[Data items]
* * *

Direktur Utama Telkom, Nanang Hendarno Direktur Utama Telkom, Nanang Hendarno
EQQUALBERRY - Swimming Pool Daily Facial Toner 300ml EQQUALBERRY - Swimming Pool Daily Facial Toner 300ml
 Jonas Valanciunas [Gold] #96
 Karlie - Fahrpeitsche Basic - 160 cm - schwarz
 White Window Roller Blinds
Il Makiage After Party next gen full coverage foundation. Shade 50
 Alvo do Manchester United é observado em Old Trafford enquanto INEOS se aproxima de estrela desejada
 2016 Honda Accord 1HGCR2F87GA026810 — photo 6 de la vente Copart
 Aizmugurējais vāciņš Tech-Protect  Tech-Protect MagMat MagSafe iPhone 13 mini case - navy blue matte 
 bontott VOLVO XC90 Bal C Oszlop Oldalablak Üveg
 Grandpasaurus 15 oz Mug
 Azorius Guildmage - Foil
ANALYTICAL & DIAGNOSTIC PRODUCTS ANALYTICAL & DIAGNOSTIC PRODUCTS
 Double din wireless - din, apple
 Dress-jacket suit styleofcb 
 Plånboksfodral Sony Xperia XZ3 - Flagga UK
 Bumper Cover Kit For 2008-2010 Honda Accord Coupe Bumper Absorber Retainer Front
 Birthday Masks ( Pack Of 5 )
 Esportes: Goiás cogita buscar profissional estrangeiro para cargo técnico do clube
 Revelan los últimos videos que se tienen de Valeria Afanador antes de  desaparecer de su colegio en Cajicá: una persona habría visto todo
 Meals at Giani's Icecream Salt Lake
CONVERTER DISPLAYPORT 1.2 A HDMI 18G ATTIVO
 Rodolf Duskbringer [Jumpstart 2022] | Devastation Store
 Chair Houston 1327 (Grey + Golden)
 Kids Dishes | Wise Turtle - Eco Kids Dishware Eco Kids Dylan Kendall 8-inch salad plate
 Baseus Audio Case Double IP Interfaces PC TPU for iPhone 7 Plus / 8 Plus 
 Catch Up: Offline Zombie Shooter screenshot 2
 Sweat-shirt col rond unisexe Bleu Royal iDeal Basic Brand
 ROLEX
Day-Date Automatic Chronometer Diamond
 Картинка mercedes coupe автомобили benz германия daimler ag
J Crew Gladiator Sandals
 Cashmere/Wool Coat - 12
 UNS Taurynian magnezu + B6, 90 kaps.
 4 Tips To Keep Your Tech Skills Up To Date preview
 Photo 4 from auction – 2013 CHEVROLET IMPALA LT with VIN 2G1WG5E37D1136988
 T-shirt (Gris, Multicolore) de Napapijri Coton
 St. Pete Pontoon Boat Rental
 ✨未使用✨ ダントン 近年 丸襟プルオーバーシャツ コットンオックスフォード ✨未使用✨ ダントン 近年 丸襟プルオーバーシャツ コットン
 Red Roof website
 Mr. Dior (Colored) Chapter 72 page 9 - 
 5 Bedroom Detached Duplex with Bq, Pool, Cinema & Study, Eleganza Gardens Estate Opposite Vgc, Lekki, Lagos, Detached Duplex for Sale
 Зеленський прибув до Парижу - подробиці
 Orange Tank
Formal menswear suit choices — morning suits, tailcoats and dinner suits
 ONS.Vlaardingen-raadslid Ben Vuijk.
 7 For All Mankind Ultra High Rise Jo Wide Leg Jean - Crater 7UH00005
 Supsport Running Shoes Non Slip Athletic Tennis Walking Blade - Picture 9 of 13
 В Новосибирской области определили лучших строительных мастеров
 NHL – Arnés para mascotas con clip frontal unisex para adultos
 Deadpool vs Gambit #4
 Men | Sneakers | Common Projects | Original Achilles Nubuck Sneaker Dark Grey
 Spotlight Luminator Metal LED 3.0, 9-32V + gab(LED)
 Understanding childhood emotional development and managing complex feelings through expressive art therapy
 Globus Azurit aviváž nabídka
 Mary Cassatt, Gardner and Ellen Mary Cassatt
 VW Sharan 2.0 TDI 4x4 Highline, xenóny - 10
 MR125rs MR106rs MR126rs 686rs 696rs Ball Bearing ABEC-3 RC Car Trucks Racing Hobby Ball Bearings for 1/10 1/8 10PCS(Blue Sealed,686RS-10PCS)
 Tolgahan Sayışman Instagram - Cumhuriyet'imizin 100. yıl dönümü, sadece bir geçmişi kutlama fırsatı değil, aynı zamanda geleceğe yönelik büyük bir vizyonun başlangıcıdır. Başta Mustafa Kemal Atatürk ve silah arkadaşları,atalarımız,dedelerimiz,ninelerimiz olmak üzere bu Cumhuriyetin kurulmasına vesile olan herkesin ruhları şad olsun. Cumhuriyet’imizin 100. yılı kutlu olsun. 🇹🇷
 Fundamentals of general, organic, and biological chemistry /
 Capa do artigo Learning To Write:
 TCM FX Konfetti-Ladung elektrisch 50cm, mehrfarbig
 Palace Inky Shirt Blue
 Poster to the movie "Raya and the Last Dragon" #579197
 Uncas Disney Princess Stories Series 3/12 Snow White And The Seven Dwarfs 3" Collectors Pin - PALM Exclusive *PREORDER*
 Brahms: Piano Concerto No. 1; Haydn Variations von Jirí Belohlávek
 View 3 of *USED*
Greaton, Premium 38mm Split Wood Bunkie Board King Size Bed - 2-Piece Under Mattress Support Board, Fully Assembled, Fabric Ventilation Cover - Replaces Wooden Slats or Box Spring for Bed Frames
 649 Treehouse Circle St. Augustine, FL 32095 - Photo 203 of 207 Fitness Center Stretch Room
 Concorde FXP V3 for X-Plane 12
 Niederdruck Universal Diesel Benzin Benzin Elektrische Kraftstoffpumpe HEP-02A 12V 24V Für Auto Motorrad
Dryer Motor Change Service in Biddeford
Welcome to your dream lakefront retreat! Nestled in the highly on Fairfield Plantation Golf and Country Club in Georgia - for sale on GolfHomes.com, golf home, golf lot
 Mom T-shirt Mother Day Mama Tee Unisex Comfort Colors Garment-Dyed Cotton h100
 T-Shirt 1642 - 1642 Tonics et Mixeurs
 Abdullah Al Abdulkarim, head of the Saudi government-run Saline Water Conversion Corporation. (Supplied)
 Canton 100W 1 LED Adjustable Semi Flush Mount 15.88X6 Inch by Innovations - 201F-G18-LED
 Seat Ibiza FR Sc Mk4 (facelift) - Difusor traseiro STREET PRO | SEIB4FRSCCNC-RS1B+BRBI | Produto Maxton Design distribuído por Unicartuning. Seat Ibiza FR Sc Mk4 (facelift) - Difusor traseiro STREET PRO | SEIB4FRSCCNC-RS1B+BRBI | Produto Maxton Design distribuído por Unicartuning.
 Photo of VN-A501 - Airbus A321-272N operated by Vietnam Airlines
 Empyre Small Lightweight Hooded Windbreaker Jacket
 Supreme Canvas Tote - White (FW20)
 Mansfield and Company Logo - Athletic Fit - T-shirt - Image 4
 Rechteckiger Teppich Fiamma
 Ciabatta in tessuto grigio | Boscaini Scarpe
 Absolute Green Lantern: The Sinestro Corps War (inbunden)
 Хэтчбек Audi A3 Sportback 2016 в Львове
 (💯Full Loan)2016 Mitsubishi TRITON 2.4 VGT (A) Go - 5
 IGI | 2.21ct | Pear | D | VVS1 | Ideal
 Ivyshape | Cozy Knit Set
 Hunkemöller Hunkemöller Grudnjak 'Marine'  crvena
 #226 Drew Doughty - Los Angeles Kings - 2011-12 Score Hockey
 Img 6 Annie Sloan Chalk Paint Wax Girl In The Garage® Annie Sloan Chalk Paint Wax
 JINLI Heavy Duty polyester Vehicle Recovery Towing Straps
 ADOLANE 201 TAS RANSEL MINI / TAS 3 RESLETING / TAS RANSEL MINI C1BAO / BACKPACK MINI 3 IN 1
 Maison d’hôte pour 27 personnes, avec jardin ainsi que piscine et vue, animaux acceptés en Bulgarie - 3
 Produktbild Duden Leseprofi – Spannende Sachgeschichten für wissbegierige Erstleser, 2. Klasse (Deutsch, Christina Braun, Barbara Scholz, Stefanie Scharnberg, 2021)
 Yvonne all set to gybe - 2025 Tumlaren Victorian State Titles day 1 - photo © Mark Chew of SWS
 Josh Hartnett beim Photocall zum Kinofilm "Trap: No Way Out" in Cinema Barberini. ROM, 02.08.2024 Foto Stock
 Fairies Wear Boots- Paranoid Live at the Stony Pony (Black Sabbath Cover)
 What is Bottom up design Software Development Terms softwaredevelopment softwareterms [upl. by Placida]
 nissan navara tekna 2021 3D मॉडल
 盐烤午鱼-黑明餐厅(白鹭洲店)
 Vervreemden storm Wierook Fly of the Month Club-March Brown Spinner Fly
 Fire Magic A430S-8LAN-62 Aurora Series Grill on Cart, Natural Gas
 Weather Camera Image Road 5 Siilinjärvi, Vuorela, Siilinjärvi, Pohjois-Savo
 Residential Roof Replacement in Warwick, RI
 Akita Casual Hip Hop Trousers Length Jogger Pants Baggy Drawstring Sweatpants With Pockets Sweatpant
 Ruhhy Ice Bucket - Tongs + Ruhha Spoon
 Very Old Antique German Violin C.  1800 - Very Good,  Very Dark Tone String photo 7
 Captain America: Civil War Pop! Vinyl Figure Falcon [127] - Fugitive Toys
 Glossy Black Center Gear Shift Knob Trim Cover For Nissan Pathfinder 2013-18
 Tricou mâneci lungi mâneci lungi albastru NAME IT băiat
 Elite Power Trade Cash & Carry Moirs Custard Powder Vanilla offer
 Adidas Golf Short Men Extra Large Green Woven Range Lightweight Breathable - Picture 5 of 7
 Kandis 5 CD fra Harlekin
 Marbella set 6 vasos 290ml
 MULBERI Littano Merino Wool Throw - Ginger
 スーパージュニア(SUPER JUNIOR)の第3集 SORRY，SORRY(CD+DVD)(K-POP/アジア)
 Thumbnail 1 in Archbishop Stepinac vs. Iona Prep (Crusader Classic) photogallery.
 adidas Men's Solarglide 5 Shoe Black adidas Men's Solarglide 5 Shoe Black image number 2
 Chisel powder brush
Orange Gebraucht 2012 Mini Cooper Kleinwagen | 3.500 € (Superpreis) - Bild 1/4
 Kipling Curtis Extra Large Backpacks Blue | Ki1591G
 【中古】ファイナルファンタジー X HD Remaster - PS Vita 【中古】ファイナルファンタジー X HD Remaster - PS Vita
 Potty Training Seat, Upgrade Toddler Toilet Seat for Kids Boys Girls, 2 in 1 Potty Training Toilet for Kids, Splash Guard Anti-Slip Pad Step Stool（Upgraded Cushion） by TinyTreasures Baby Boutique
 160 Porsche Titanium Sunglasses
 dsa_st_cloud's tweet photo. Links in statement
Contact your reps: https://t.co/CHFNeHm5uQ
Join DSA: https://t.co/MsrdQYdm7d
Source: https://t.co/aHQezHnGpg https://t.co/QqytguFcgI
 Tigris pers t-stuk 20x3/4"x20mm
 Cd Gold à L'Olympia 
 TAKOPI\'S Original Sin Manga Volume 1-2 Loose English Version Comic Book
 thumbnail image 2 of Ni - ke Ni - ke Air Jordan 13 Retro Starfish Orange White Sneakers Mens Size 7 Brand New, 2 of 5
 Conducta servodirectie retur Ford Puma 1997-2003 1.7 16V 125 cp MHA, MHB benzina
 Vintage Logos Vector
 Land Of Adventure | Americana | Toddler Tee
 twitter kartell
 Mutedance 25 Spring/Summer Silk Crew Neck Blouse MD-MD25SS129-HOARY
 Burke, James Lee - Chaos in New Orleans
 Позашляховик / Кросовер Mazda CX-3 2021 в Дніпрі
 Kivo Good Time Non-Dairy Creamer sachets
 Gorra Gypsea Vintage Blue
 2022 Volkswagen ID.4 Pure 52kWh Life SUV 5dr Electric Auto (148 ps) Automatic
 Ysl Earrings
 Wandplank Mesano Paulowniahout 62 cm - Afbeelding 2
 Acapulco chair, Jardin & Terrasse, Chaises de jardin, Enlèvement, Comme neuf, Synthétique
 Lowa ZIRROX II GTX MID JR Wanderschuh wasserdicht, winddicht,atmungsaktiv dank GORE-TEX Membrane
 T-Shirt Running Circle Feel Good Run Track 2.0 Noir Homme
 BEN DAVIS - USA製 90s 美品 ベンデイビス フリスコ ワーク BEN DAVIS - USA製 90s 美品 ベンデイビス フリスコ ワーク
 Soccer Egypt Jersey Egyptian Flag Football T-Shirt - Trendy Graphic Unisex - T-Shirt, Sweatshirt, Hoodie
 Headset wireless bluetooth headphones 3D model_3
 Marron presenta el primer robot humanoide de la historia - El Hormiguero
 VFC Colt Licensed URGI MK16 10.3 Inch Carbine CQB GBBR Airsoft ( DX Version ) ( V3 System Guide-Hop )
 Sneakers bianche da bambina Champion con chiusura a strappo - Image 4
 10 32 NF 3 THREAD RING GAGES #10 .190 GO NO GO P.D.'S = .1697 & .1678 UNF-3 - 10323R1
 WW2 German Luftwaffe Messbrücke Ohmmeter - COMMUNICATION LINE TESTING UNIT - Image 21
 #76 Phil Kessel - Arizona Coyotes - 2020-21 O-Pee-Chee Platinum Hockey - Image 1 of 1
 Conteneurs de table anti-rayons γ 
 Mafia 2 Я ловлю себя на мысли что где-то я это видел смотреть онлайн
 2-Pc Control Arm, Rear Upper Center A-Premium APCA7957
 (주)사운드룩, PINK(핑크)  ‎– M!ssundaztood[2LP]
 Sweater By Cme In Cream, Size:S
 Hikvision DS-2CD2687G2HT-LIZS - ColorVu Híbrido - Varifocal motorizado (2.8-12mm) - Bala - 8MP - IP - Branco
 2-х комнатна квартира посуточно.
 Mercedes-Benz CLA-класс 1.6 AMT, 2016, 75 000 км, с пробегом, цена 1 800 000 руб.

* * *

* [What is required] Working from the records above, write out verbatim only the lines from the line containing "Weather Camera Image" through the line containing "Conducta servodirectie retur".

* [Response to this exercise]
 Weather Camera Image Road 5 Siilinjärvi, Vuorela, Siilinjärvi, Pohjois-Savo
 Residential Roof Replacement in Warwick, RI
 Akita Casual Hip Hop Trousers Length Jogger Pants Baggy Drawstring Sweatpants With Pockets Sweatpant
 Ruhhy Ice Bucket - Tongs + Ruhha Spoon
 Very Old Antique German Violin C.  1800 - Very Good,  Very Dark Tone String photo 7
 Captain America: Civil War Pop! Vinyl Figure Falcon [127] - Fugitive Toys
 Glossy Black Center Gear Shift Knob Trim Cover For Nissan Pathfinder 2013-18
 Tricou mâneci lungi mâneci lungi albastru NAME IT băiat
 Elite Power Trade Cash & Carry Moirs Custard Powder Vanilla offer
 Adidas Golf Short Men Extra Large Green Woven Range Lightweight Breathable - Picture 5 of 7
 Kandis 5 CD fra Harlekin
 Marbella set 6 vasos 290ml
 MULBERI Littano Merino Wool Throw - Ginger
 スーパージュニア(SUPER JUNIOR)の第3集 SORRY，SORRY(CD+DVD)(K-POP/アジア)
 Thumbnail 1 in Archbishop Stepinac vs. Iona Prep (Crusader Classic) photogallery.
 adidas Men's Solarglide 5 Shoe Black adidas Men's Solarglide 5 Shoe Black image number 2
 Chisel powder brush
Orange Gebraucht 2012 Mini Cooper Kleinwagen | 3.500 € (Superpreis) - Bild 1/4
 Kipling Curtis Extra Large Backpacks Blue | Ki1591G
 【中古】ファイナルファンタジー X HD Remaster - PS Vita 【中古】ファイナルファンタジー X HD Remaster - PS Vita
 Potty Training Seat, Upgrade Toddler Toilet Seat for Kids Boys Girls, 2 in 1 Potty Training Toilet for Kids, Splash Guard Anti-Slip Pad Step Stool（Upgraded Cushion） by TinyTreasures Baby Boutique
 160 Porsche Titanium Sunglasses
 dsa_st_cloud's tweet photo. Links in statement
Contact your reps: https://t.co/CHFNeHm5uQ
Join DSA: https://t.co/MsrdQYdm7d
Source: https://t.co/aHQezHnGpg https://t.co/QqytguFcgI
 Tigris pers t-stuk 20x3/4"x20mm
 Cd Gold à L'Olympia 
 TAKOPI\'S Original Sin Manga Volume 1-2 Loose English Version Comic Book
 thumbnail image 2 of Ni - ke Ni - ke Air Jordan 13 Retro Starfish Orange White Sneakers Mens Size 7 Brand New, 2 of 5
 Conducta servodirectie retur Ford Puma 1997-2003 1.7 16V 125 cp MHA, MHB benzina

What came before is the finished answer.